Word of the Week – edit vs. editorialize
According to Beth Hill at The Editor’s Blog, “An editor polishes and refines, he directs the focus of the story or article or movie along a particular course. He cuts out what doesn’t fit, what is nonessential to the purpose of the story. He enhances the major points, drawing attention to places where the audience should focus.”
In the newsroom, the editor is especially influential in directing what stories take top billing or which ones are below the fold or relegated to page six. The leanings of a newspaper or television station are evident by these decisions. The myth of an unbiased editor is just that—a myth.
On the editorial pages the publisher/editor may legitimately voice his/her opinion on local, national, or world affairs. But editorializing—expressing opinions within a factual news piece is unacceptable journalism.
On a recent getaway to western Colorado, we discovered a local paper that engaged in a bit of editorializing in, of all sections, the local crime blotter. A little humor always goes down well with the morning coffee.

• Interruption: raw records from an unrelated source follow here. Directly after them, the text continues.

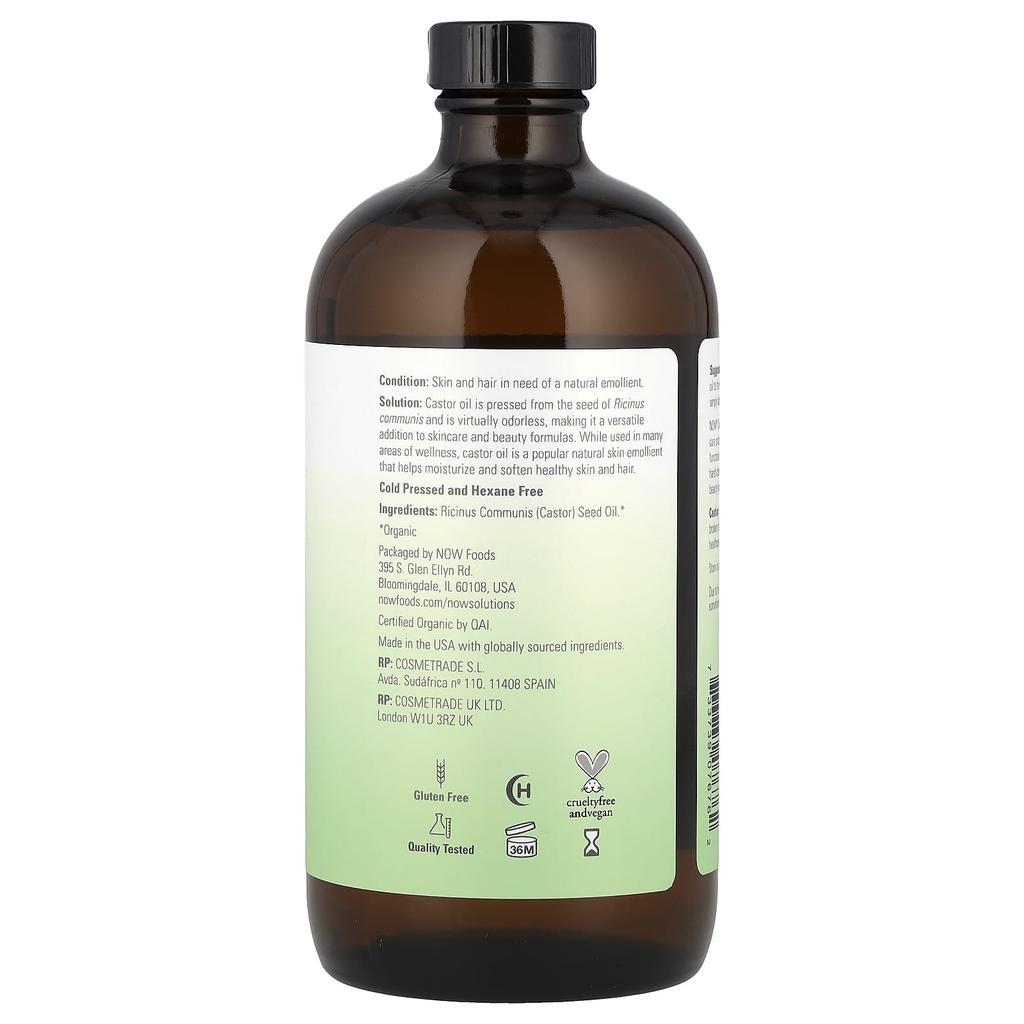 Solutions, Certified Organic Castor Oil, 473 Ml (16 Fl Oz)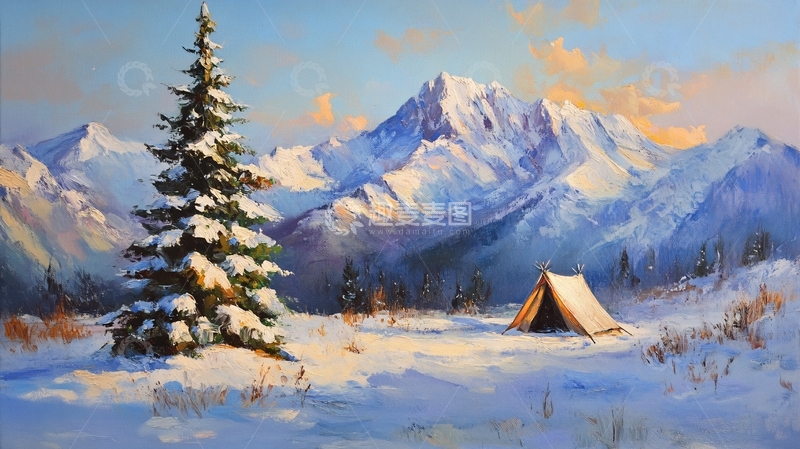 高清大图下载【趣麦麦图】雪峰油画1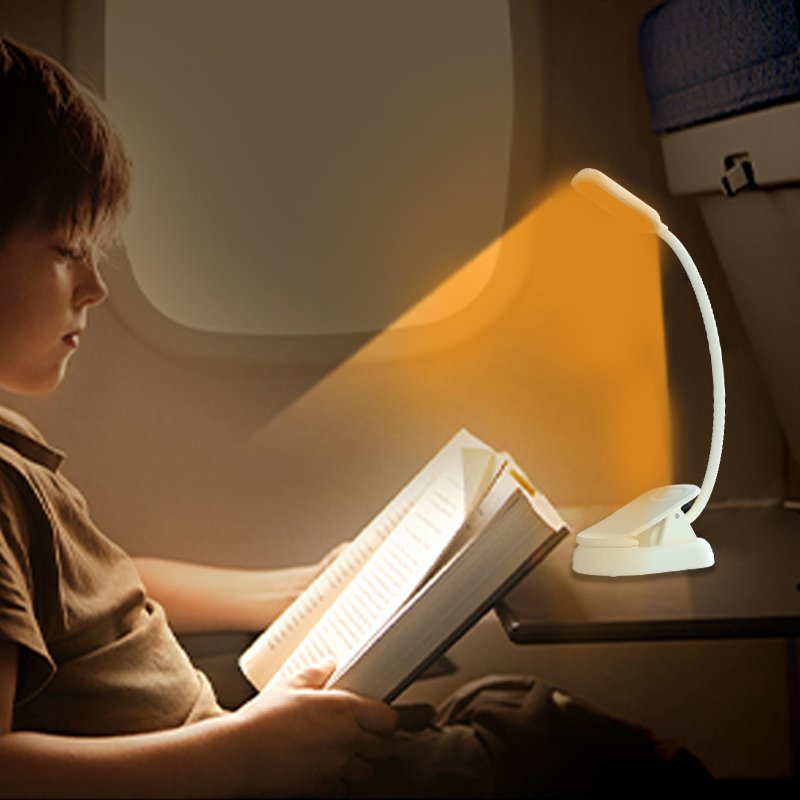 Led Reading Night Light Eye Protection Amber Dimmable Book Reading Lamp White Body Rechargeable Book Light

Under the heading, Busted in the Butte, (gotta love that!) we chuckled over these entries. (Note editorial comments in italics.)
- A report was filed for a stolen license plate. Only one plate was taken, so the thief must have only needed the one.
- Follow-up was done on a suspect who had pled guilty in in a bad check case and wasn’t paying the money back as agreed. His next stop could quite possibly be in front of a judge.
Even when the writer is not editorializing, he/she has a sense of humor that goes beyond “just the facts, Maam.”
- A bike versus vehicle accident occurred near the Nordic Center. An investigation is ongoing, but regardless of the outcome, a bicyclist never “wins” in a collision with a vehicle.
- A Marshal did a welfare check via text with an overdue female whose family was concerned about her whereabouts. She responded to the text and contacted her family.
I’m still wondering if the female in question was just late coming home, or pregnant and past her due date. And don’t you love a diligent marshal who employs the latest technology rather than old-fashioned footwork to solve a crime? (That’s me editorializing.)
And my favorite:
- It was determined that a 911 hang-up with yelling in the background was not a case of domestic violence, but the case of a doggy that was in deep doo-doo because of his deep doo-doo in the house.
You know it’s a small town when these are the items that populate the crime blotter. And you have to appreciate the editor who permits this kind of editorializing. But don’t you try it.